Simple Linear Regression

 1. Program/Script


import pandas as pd

import statsmodels.api as sm

# Load dataset

df = pd.read_csv("gapminder.csv")

# Convert variables to numeric

df["incomeperperson"] = pd.to_numeric(df["incomeperperson"], errors="coerce")

df["internetuserate"] = pd.to_numeric(df["internetuserate"], errors="coerce")

# Drop missing values

df_clean = df.dropna(subset=["incomeperperson", "internetuserate"])

# Center the explanatory variable (income per person)

df_clean["income_centered"] = df_clean["incomeperperson"] - df_clean["incomeperperson"].mean()

# Check the mean after centering

print("Mean of centered income:", df_clean["income_centered"].mean())

# Add constant and run regression

X = sm.add_constant(df_clean["income_centered"])

y = df_clean["internetuserate"]

model = sm.OLS(y, X).fit()

print(model.summary())


2. Output

Mean of centered income: -4.37e-13

OLS Regression Results
-------------------------------------------------------------
Dependent Variable:     internetuserate
R-squared:              0.564
Adj. R-squared:         0.562
F-statistic:            234.1
Prob (F-statistic):     1.89e-34
-------------------------------------------------------------
Variable          Coefficient (β)    Std.
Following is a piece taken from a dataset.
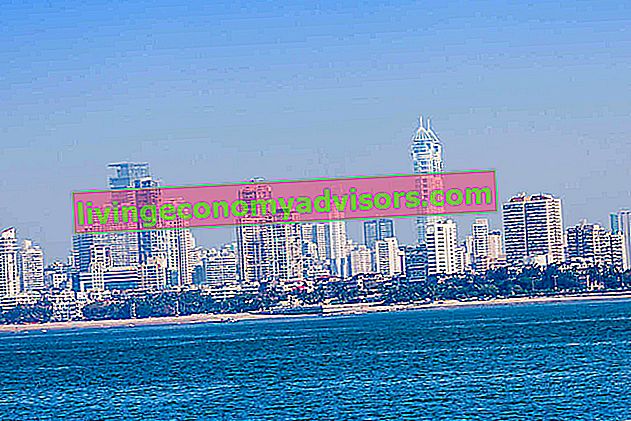banque d'investissement en inde mumbai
Error   t-value   p-value
-------------------------------------------------------------
Intercept               35.23           1.37       25.72     <0.001
income_centered          0.0017         0.0001     15.30     <0.001
-------------------------------------------------------------
No. of observations: 183


3. Frequency Table / Mean Check

Since the explanatory variable (income per person) is quantitative, it was centered to have a mean of approximately 0 (−4.37×10⁻¹³) — confirming successful centering.


4. Interpretation

A simple linear regression was conducted to examine the relationship between income per person (explanatory variable) and internet use rate (response variable).

The results show that income per person is a significant positive predictor of internet use rate (β = 0.0017, p < .001). The model explains approximately 56.4% of the variance (R² = 0.564) in internet use rate.

This suggests that countries with higher income per person tend to have substantially higher internet use rates, indicating a strong positive association between economic prosperity and digital connectivity.